С полгода назад они с парнем вдвоём зачем-то купили попугайчика. Светло-жёлтого, тихого, щебечущего о чём-то на своём языке в клетке у балконной двери. Пару дней назад попугайчик умер. Наташа даже не плакала, не получалось. Лопату пришлось купить, такую маленькую, складную и издевательски блестящую, звонкую чистую лопату. Наташа расплачивалась за неё и думала, что дома в садовом домике — несколько лопат. Больших и крепких, пусть и старых. Но ехать за лопатой домой, в область? А потом с лопатой — в Челябинск, и по Челябинску в троллейбусе. И обратно потом лопату везти снова, не оставлять же папу без удобной лопаты…
Попугайчика закопали под молодой сосёнкой в Северо-западном парке, подальше от всех тропинок. Вместе с попугайчиком была закопана последняя попытка Наташиного молодого человека продолжить Наташу любить. Наташа не уточняла, он сам ей об этом объявил дополнительно, печально хмурясь и очень громко размешивая сахар в чае.
— Хороший образ, напиши об этом рассказ, — сказала Наташа, стоя перед открытым шкафом рядом с открытым же чемоданом.
Медузу с головы ей снять так и не удалось. Та помутнела, потеряла прозрачность, подсохла — но не сползла, не отлепилась.
Со страхом живут, конечно. И с медузой на голове, очевидно, живут тоже.

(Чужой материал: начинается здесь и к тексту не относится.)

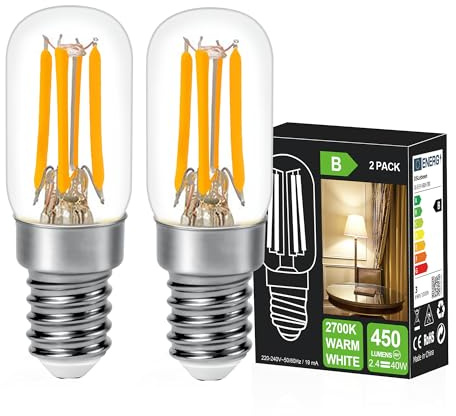 DSLebeen Lampadina LED E14 2700K Luce Calda Lampade LED frigorifero 2.4W Equivalenti a 40W,450Lumen Non Dimmerabile Per Lampadario di cristallo lampade di sale luci notturne Confezione da 2 Pezzi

Фрагмент второй, в котором
Наташа избавляется от вещей
Через полгода после похорон они собрали оставшиеся мамины вещи в мешок. Обычный мешок, в таких обычно картошку хранили. Осталось уже не так много вещей, самые хорошие мама сама стала раздавать по знакомым и родным за несколько месяцев до смерти. Какие-то вещи Наташа отнесла в церковь, какие-то — в соцзащиту. Но вот всякие ночнушки, колготки, бельё, футболки в пятнах от сукровицы и мазей — их никому не отдать, а относить на мусорку почему-то не хотелось. Наташа с папой решили всё это сжечь.
Снег в том октябре ещё не лежал, поэтому раздувшийся от вещей и боли мешок они сгрузили на тележку вместе с матрасом. Матрас тоже был в бурых пятнах. Катить это всё по прелой листве было по-странному приятно.

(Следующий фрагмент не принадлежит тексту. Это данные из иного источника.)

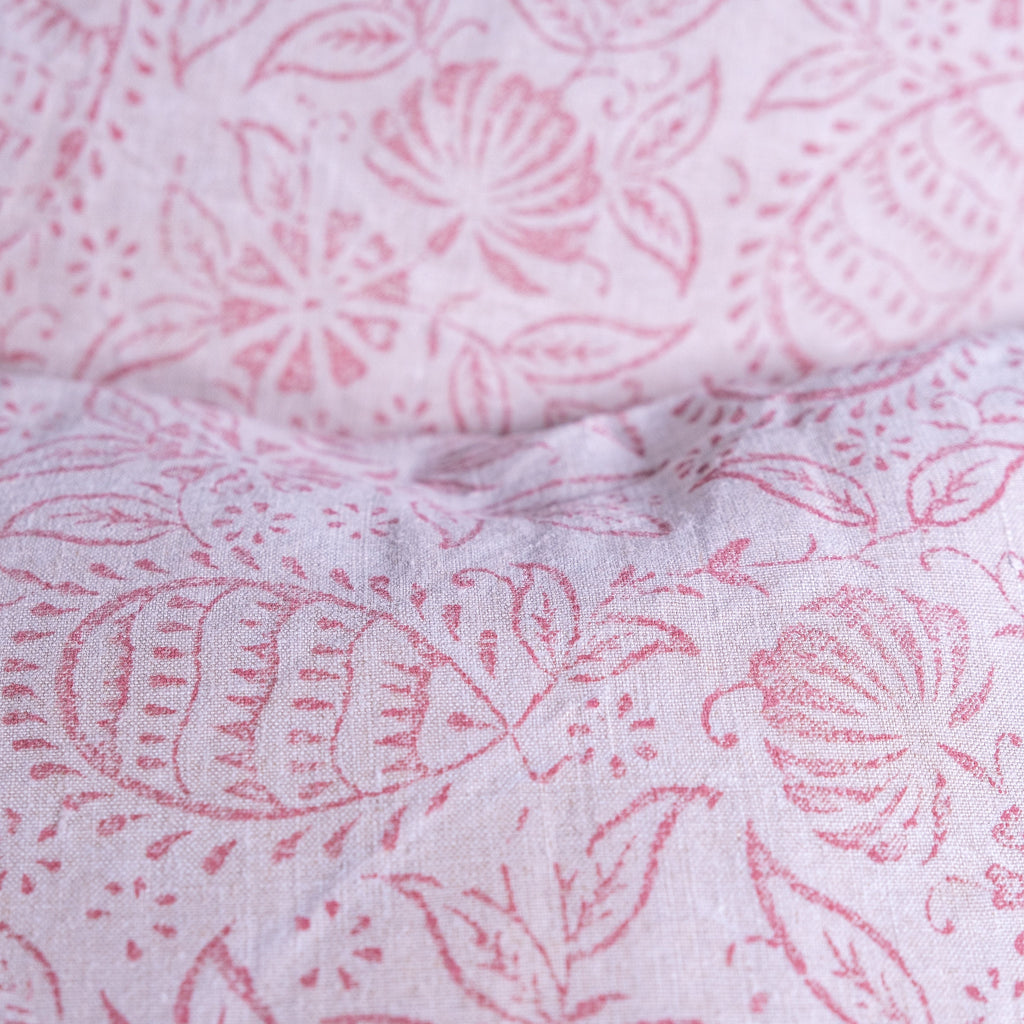 Hand made printed cushion cover,  antique French linen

На границе у леса, стеной вырастающего из расстеленных на километры одеял жухлой травы, их встретила сорока. Огромная, больше кошки, блестящая Наташе прямо в душу ехидным глазом. Сорока сипло рассмеялась, зашумела крыльями, снялась с ветви и скрылась в глубине сосновой чащи.
Чащей этот лес, конечно, можно было назвать лишь с большой натяжкой: ровные, по линеечке высаженные ряды сосен-одногодок каждый раз заставляли Наташу сомневаться в том, что она действительно находилась в лесу, а не в симуляции. Но запах был правильный, землисто-хвойный. Папа повёз тележку вдоль рядов стволов. Какой-то дятел стал долбить сухое дерево в такт Наташиному сердцебиению. Если б было можно, она бы так и шла без остановки, но смысла бы в таком побеге всё равно не нашлось: через несколько километров лес обрывался так же внезапно, как и начинался, и Наташа упёрлась бы в закрытую территорию завода.
Возле старой, усеянной наростами грибов-трутовиков берёзы папа остановился и снял с плеч походный рюкзак.
— Смотри, маслёнок! — сказал он с удивлением, махнув ногой в сторону полувысохшего и полусгрызенного гриба, в котором опознать маслёнок Наташа не смогла бы и в очках. — Как это он дожил до осени. Странно.
— Наташа молча достала из рюкзака маленькую складную лопату и сняла ей верхний, самый лёгкий слой земли. Древесная труха и останки насекомых, хвоя и кусочки коры. Если бы октябрь нужно было описать не словами, а чем-то материальным, Наташа выбрала бы эту массу.
— Лопату у Наташи папа со вздохом забрал и продолжил копать яму под костровище сам. Наташа постучалась о ствол ближайшей сосны макушкой в капюшоне, да так и замерла, задрав лицо к небу.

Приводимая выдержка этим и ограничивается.